Begin at the line containing "Berry soslu ev yapımı cheesecake" and copy exactly through the last line of the listing, skipping every picture.

-*-*-

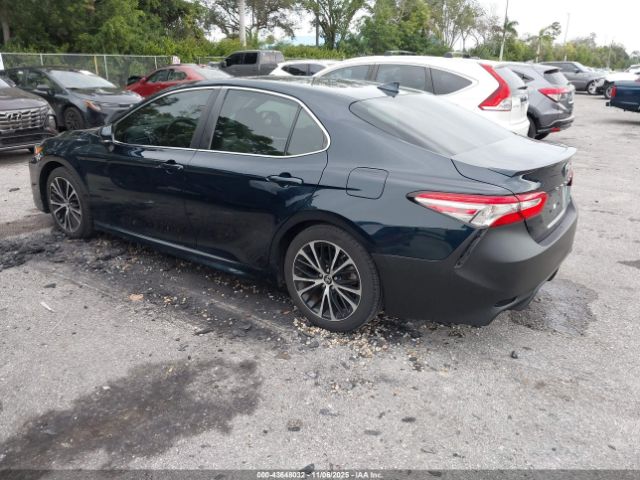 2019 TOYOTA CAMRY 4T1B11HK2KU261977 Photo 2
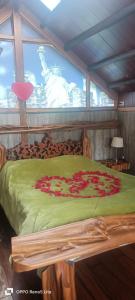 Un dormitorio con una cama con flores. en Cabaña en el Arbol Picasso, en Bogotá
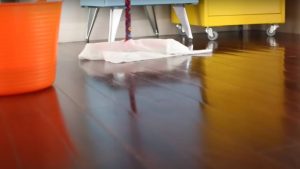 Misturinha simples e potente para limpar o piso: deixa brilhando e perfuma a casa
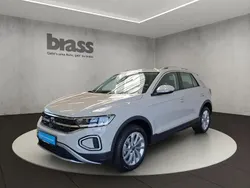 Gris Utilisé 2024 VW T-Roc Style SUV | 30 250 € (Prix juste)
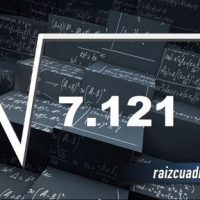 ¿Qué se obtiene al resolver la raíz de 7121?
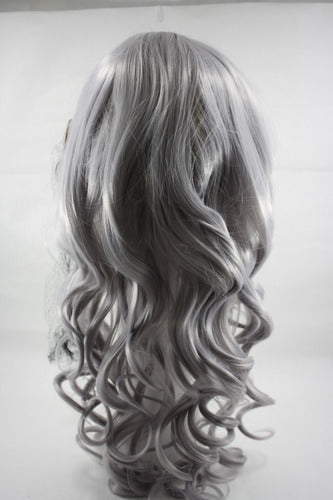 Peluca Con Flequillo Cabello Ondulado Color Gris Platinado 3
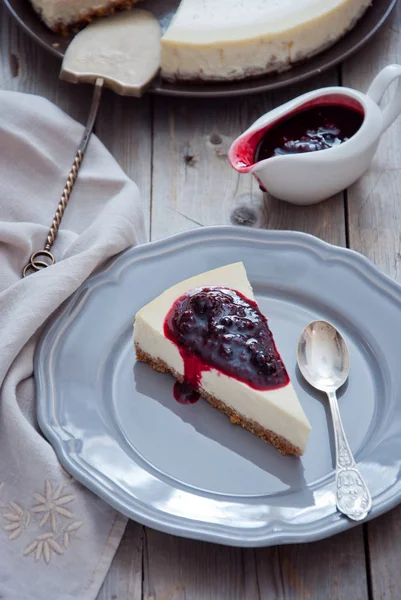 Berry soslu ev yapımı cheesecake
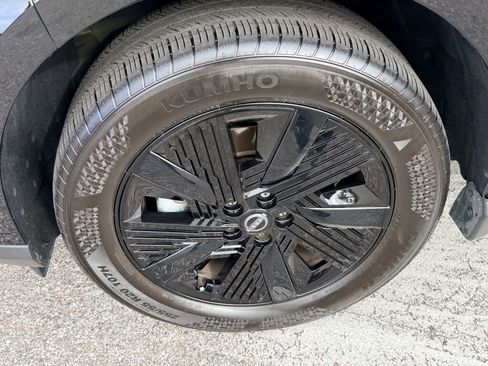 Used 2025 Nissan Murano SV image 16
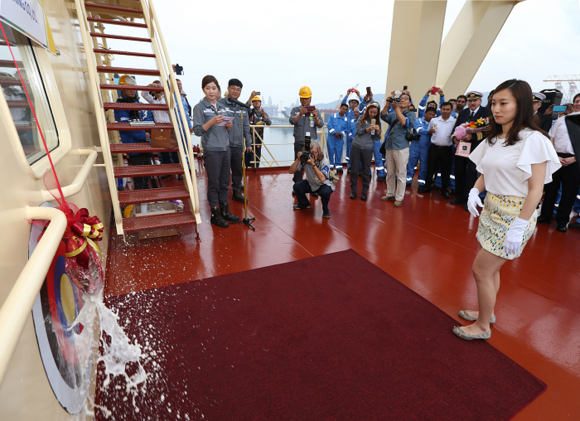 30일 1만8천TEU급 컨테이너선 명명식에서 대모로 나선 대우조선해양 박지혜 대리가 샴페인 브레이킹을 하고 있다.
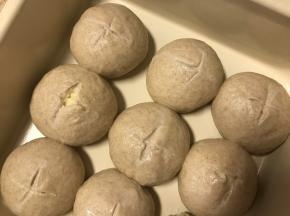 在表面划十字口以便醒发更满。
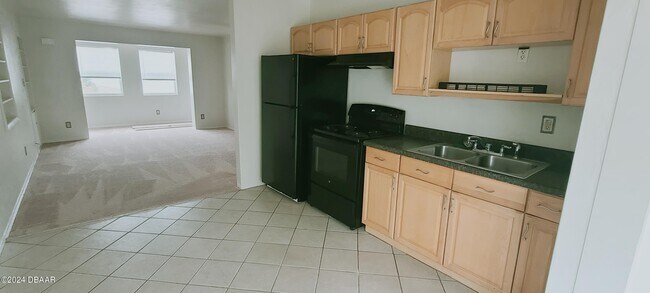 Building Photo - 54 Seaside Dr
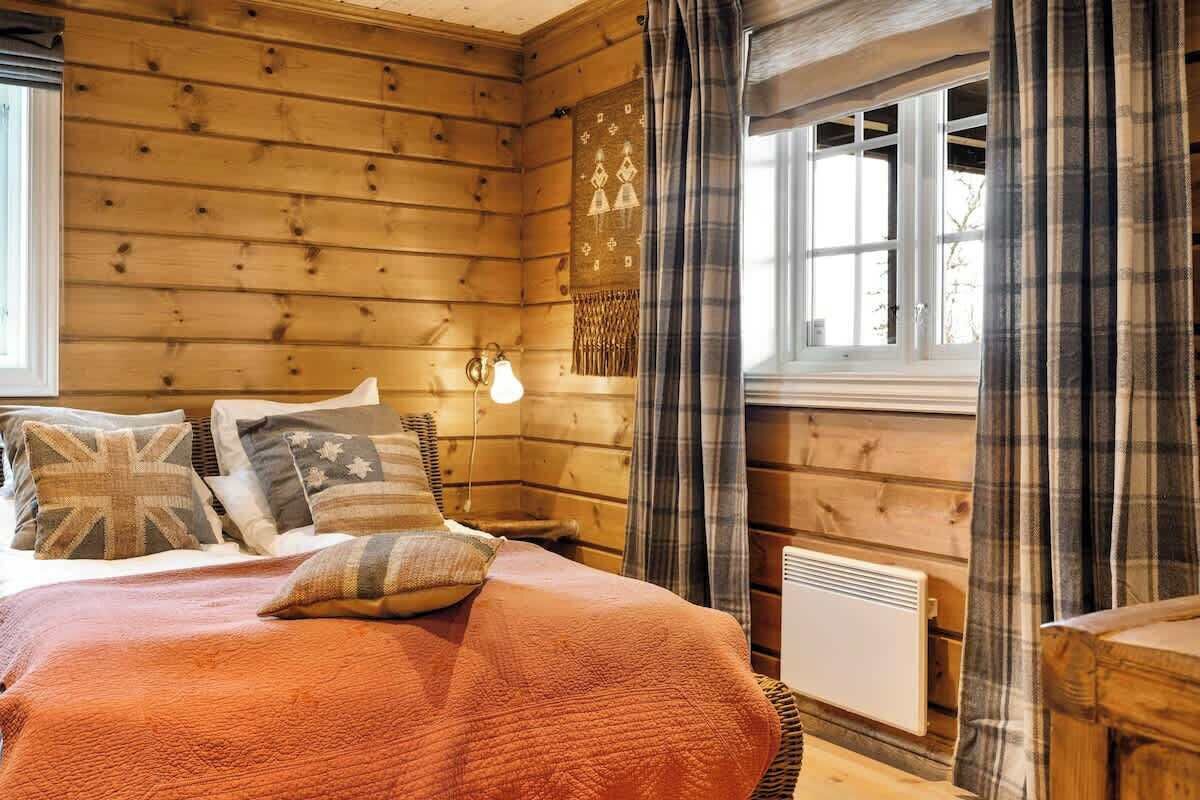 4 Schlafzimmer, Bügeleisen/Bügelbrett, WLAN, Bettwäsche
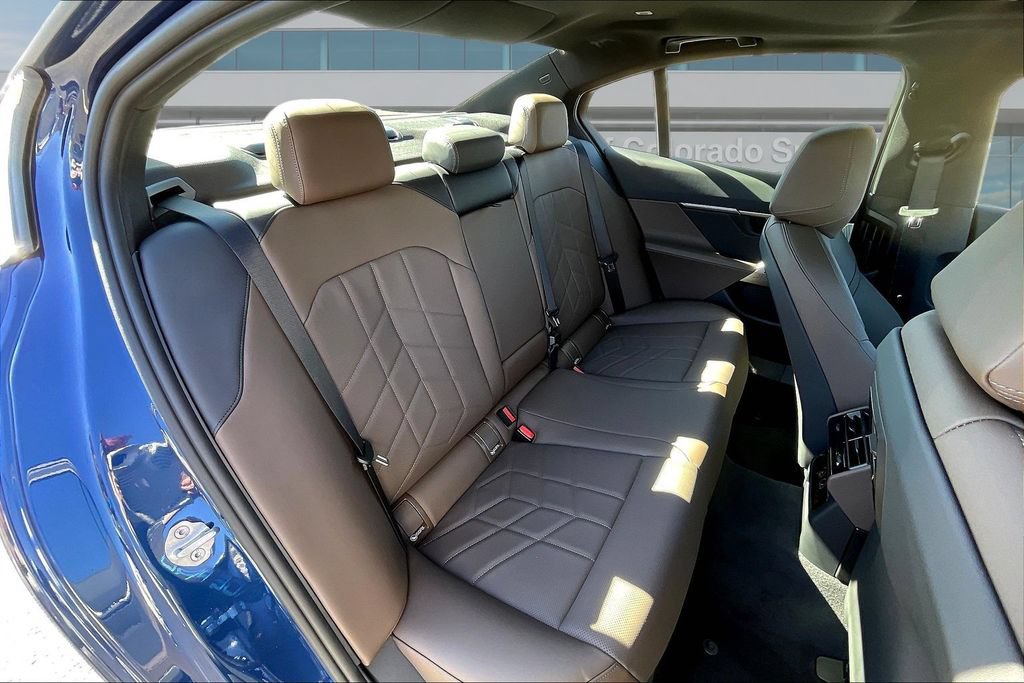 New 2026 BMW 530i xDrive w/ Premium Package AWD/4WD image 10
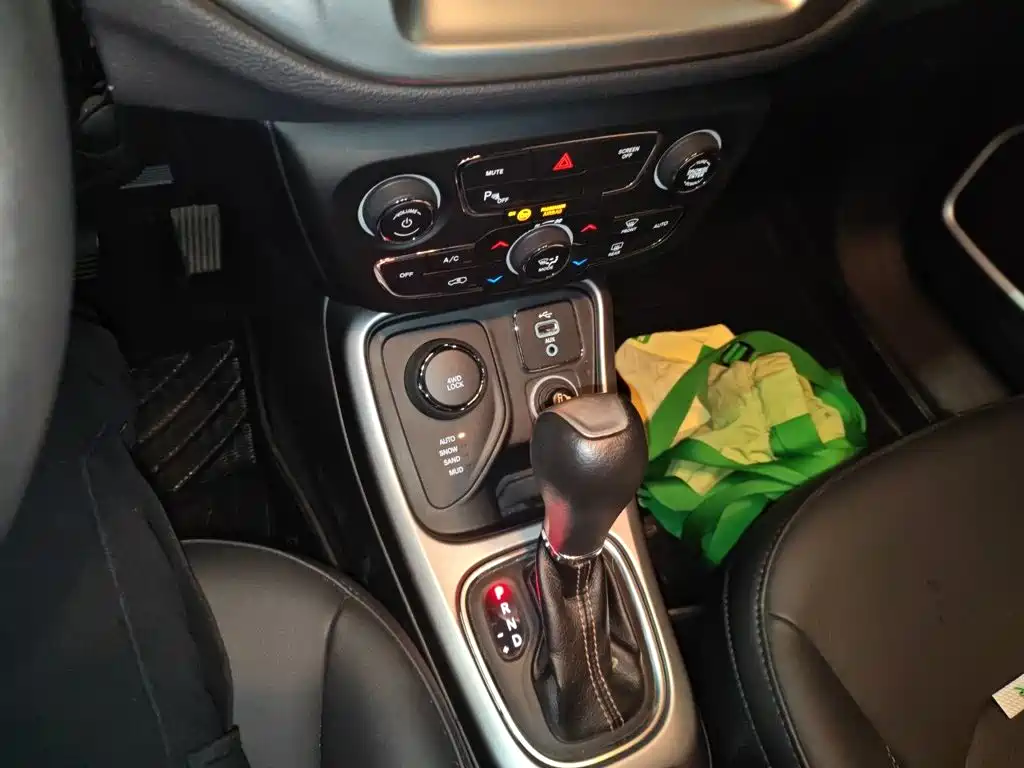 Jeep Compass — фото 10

-*-*-

**Expected answer**.
 Berry soslu ev yapımı cheesecake
 Used 2025 Nissan Murano SV image 16
 30일 1만8천TEU급 컨테이너선 명명식에서 대모로 나선 대우조선해양 박지혜 대리가 샴페인 브레이킹을 하고 있다.
 在表面划十字口以便醒发更满。
 Building Photo - 54 Seaside Dr
 4 Schlafzimmer, Bügeleisen/Bügelbrett, WLAN, Bettwäsche
 New 2026 BMW 530i xDrive w/ Premium Package AWD/4WD image 10
 Jeep Compass — фото 10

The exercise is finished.